Le conflit sur la loi polonaise sur la Shoah avait été résolu, l’année dernière, lorsque la Pologne avait modéré la législation et que Netanyahu et son homologue polonais avaient convenu d’écrire une déclaration conjointe qui soulignait l’implication de la résistance polonaise dans le secours apporté aux Juifs. La crise avait été considérée comme une réussite diplomatique pour la Pologne et Netanyahu avait dû affronter les critiques d’historiens en Israël, et notamment à Yad Vashem, qui avaient reproché au Premier ministre d’avoir ratifié une déclaration qui, selon eux, dénaturait l’histoire.

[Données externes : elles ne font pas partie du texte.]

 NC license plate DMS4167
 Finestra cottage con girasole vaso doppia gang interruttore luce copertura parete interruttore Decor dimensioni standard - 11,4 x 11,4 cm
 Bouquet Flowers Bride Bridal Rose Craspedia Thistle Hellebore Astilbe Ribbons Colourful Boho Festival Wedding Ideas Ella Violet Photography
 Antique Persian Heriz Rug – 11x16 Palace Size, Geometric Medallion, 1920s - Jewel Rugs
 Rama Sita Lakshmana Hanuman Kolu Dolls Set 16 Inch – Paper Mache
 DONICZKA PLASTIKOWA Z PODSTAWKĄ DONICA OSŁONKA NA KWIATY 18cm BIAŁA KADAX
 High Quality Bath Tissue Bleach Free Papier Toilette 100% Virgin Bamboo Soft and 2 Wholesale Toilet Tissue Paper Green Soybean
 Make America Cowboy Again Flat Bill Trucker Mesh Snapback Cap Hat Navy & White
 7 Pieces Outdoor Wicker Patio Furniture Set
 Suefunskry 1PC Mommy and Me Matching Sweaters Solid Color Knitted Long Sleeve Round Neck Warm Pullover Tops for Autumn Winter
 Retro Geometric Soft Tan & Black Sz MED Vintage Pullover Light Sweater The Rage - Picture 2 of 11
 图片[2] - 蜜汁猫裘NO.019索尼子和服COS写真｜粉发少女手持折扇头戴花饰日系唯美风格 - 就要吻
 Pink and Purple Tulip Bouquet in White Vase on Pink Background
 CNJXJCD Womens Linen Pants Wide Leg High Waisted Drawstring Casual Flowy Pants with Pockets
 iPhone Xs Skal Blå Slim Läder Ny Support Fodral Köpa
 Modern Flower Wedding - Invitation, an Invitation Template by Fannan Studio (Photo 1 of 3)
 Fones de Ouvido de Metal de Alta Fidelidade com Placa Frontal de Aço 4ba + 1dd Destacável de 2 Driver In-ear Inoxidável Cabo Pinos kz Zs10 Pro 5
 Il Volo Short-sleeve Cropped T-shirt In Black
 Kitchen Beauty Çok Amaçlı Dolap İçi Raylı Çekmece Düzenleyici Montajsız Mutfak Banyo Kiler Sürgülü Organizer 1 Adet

« L’idée que nous dénaturions l’histoire ou que nous la dissimulions est insensé », a dit Netanyahu jeudi aux journalistes.

Il a expliqué que la loi avait été évoquée lors d’une rencontre avec Morawiecki dans la journée de jeudi.

Les plus importants historiens israéliens avaient largement critiqué la déclaration conjointe, affirmant qu’elle adoptait de manière inexacte le narratif polonais sur la Shoah, en surestimant l’aide apportée aux Juifs par les Polonais tout en sous-estimant les atrocités anti-juives commises par les citoyens.

Au mois de juillet dernier, Netanyahu avait indiqué avoir pris note des critiques, affirmant qu’il les évoquerait ultérieurement, ce qu’il n’a encore jamais fait.

« Depuis, j’ai entendu dire que certains historiens ont changé d’avis », a-t-il commenté, refusant de détailler ses propos.